Why is my Neural Net not learning - tensorflow

I have a CNN that I'm trying to train and I cant figure out why its not learning. It has 32 classes which are different types of clothes of about 1000 images in each folder.
Issue is this is the result at the end of training which takes about 9 hours on my GPU
loss: 3.3403 - acc: 0.0542 - val_loss: 3.3387 - val_acc: 0.0534
If anyone could give me directions on how to get this network to train better I would be grateful.
# dimensions of our images.
img_width, img_height = 228, 228
train_data_dir = 'Clothes/train'
validation_data_dir = 'Clothes/test'
nb_train_samples = 25061
nb_validation_samples = 8360
epochs = 20
batch_size = 64
if K.image_data_format() == 'channels_first':
input_shape = (3, img_width, img_height)
else:
input_shape = (img_width, img_height, 3)
model = Sequential()
model.add(Conv2D(filters=64, kernel_size=2, padding='same', activation='tanh', input_shape=input_shape))
model.add(MaxPooling2D(pool_size=2))
model.add(Dropout(0.3))
model.add(Conv2D(filters=32, kernel_size=2, padding='same', activation='tanh'))
model.add(MaxPooling2D(pool_size=2))
model.add(Dropout(0.3))
model.add(Flatten())
model.add(Dense(64, activation='relu'))
model.add(Dropout(0.5))
model.add(Dense(32, activation='softmax'))
model.compile(loss='categorical_crossentropy',
optimizer='rmsprop',
metrics=['accuracy'])
train_datagen = ImageDataGenerator(
rescale=1. / 255,
shear_range=0.2,
zoom_range=0.2,
horizontal_flip=True)
[test_datagen = ImageDataGenerator(rescale=1. / 255)
train_generator = train_datagen.flow_from_directory(
train_data_dir,
target_size=(img_width, img_height),
batch_size=batch_size,
class_mode='categorical',
shuffle = True)
validation_generator = test_datagen.flow_from_directory(
validation_data_dir,
target_size=(img_width, img_height),
batch_size=batch_size,
class_mode='categorical',
shuffle = True)
history = model.fit_generator(
train_generator,
steps_per_epoch=nb_train_samples // batch_size,
epochs=epochs,
validation_data=validation_generator,
validation_steps=nb_validation_samples // batch_size)
Here is the plot of the training & validation loss

A network may not converge/learn for several reasons, but here is a list of tips that I think is relevant in your case (based on my own experience):
Transfer Learning: The first thing you should know is that it's very hard to train an image classifier from scratch for most problems, you need much more computing power and time for that. I strongly recommend using transfer learning. There are multiple trained architectures available in Keras that you can use as initial weights fr your network (or other methods).
Training step: For the optimizer, I recommend to use Adam first and to vary the learning rate to see how the loss responds. Also, since you are using Convolutional Layers, you should consider adding Batch Normalization Layers, that can speed significantly the training time, and change the Convolutional activations to 'relu', which make them much faster to train.
You could also try decreasing the Dropout values but I don't think that's the main issue here. Also, If you are considering training your network from scratch,
you should start with fewer layers and add more gradually to get a better idea of ​​what's going on.
train/test split: I see that you are using 8360 observations in your test set. Given the size of your training set, I think it's too much. 1000 for example is enough. The more training samples you have, the more satisfying your results will be.
Also, before judging the accuracy of your model, you should start by establishing a baseline model to benchmark your model. The baseline model depends on your problem, but in general I choose a model that predicts the most common class in the dataset. You should also look at another metric 'top_k_accuracy' available in Keras that is interesting when you have a relatively high number of classes to predict. It helps you to see how close your model is to the right prediction.

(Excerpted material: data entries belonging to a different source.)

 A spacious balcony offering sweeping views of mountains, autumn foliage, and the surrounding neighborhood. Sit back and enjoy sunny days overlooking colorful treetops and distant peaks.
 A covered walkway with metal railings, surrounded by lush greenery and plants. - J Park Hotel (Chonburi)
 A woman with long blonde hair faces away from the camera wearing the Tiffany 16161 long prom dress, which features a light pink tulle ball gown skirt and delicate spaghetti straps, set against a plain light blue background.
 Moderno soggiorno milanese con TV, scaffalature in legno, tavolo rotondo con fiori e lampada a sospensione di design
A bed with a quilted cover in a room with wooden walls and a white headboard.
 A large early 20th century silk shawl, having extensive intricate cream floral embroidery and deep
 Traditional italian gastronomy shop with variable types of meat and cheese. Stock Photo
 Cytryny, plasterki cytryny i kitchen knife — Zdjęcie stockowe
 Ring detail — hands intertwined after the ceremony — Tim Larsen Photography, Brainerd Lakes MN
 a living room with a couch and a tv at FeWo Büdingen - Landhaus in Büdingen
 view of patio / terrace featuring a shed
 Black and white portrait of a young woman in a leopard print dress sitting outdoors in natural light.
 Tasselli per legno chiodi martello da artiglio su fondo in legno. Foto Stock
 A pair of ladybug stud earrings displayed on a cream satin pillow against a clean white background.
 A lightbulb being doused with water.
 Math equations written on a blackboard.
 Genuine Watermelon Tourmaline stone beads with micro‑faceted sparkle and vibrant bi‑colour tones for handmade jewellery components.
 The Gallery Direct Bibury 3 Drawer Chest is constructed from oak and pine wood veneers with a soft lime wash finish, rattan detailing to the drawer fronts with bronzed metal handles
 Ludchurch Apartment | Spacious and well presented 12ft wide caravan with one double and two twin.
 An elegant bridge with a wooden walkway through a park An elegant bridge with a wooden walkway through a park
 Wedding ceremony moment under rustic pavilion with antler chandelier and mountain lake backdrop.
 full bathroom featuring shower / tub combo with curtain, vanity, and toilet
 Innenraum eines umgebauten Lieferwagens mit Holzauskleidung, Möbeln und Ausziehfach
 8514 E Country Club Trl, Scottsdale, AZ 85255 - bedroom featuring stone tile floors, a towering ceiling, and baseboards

First, in order to keep your sanity, check carefully for any bugs, and that your data is being sent in as intended
You might want to add a Top K accuracy metric to get a better idea of whether it's close to getting it, or totally wrong.
Here are some tuning things to try:
Change the kernel size to 3 and activation to relu
model.add(Conv2D(filters=64, kernel_size=3, padding='same', activation='relu'))
If you think your model is underfitting then try increasing the number of Conv layers per pooling to start with. But you could also increase the number of filters or the number of conv + pool repetitions.
Adam optimizer might learn a bit faster than RMS prop
model.compile(loss='categorical_crossentropy', optimizer='adam', metrics=['accuracy'])
Probably the biggest improvement would be to get more data. I think your data set is probably too small for the scope of the problem.
You might want to try transfer learning from a pre-trained image recognition network.

Related

Deep LSTM accuracy not crossing 50%

I am working on a classification problem of the semeval 2017 task 4A dataset can be found here
and I am using deep LSTM network for it. In pre-processing, I have done lower casing->tokenization->lemmatization->removing stop words->removing punctuations. For word embeddings, I have used WORD2VEC model. There are 18,000 samples in my training set and 2000 samples in testing.
The code for my model is
model = Sequential()
model.add(Embedding(max_words, 30, input_length=max_len))
model.add(BatchNormalization())
model.add(Activation('tanh'))
model.add(Dropout(0.3))
model.add(Bidirectional(LSTM(32, use_bias=True, return_sequences=True)))
model.add(BatchNormalization())
model.add(Activation('tanh'))
model.add(Dropout(0.5))
model.add(Bidirectional(LSTM(32, use_bias=True, return_sequences=True), input_shape=(128, 1,64)))
model.add(BatchNormalization())
model.add(Activation('tanh'))
model.add(SeqSelfAttention(attention_activation='sigmoid'))
model.add(Dense(1, activation='sigmoid'))
model.summary()
The value of max_words is 2000 and max_len is 300
But even after this, my testing accuracy is not crossing 50%. I can't figure out the problem.
PS - I am using validation technique too. The loss function is 'Binary Crossentropy' and optimizer is 'Adam'.
Training "LSTM" is very different with other common deep learning model.
I recommend a higher dropout rate like 0.7,0.8. and Adam optimizer is particularly unstable in LSTM with real world data. So, i recommend SGD scheduled for a momentum of 0.9 and ReduceLROnPlateau. You have to do very long training, and if spark loss is observed, the training is going very well. (Spark Loss is a word used by NVIDIA researchers. It refers to a phenomenon in which the value of Loss that appears to converge increases significantly.)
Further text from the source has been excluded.